Algo novedoso para mí: la diversidad de edades. Se han
establecido varios grupos, por no mezclar jovencitos con no tan
jóvenes. Pertenezco al grupo de veteranos de guerra, factor deprimente desde la
casilla de salida. Sin embargo, no son demasiado estrictos y se cuelan personas
de edad menor. Incluso algunos lucimos un aspecto más jovial que lo indicado
por el maldito deneí.
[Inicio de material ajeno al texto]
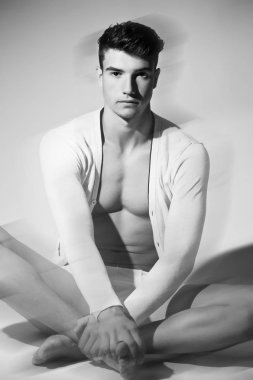 Yakışıklı genç adam portresi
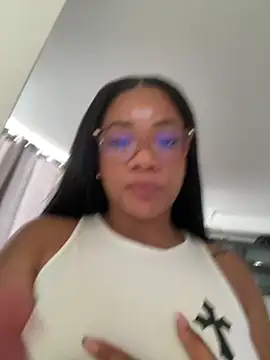 ashley Tompson1 online show from March 9, 1:14 pm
La sensación: un batiburrillo que se les ha ido un
poco de la mano.
El amor no entiende de edades, es ciego, sordo y mudo, a
veces incluso algo estúpido.
Reservado el espacio para el evento al fondo del bar, lejos
de la barra, de la televisión y su Athletic Club, de la puerta que trae ruido y
corrientes de frío a cada rato; lejos de los parroquianos que vociferan y engullen
pintxos; lejos de los papás modernos y cuarentones con gorrita de
beisbol, destornillador en una mano ─el combinado que no la herramienta─ y
el hijo pequeño en la otra.
Se trata de mesas minúsculas, demasiado arrimadas; flota un
continuo murmullo una vez comenzado el juego. Llegan a tus oídos los cuchicheos
del binomio vecino. Difícil concentrarse en tu propia batalla amorosa. Parecemos
colegiales haciendo algún trabajo por parejas, pero todos juntos, bajo la
mirada vigilante del profe, reloj en mano. Hay risas, chascarrillos, nervios
ante el cronómetro a cero. Sobre cada mesa una velita eléctrica ─romanticismo
2. 0─,
no juguemos con fuego que bastante caliente está la cosa, es el mensaje
subliminal. Bueno, como dicen en mi pueblo: menos da una piedra, la intención
es lo que cuenta.
El camarero realiza pasadas de reconocimiento para asegurarse
de que Cupido no se queda sin munición alcohólica, mientras que las flechas
pringadas de veneno amoroso corren por cuenta del querubín, son su
responsabilidad.
Hay de todo, como en botica, de uno y otro bando. Parecemos
soldados en primera fila de combate. Carne de cañón. Luchadores cuerpo a cuerpo, a
distancia de sablazo o achuchón. De todo hay: altos, bajas, gordos, flacas,
rubios (un decir, imperan la calvicie y el tono grisáceo), morenas, incluso
diviso una pelirroja que me trae gratos recuerdos escoceses.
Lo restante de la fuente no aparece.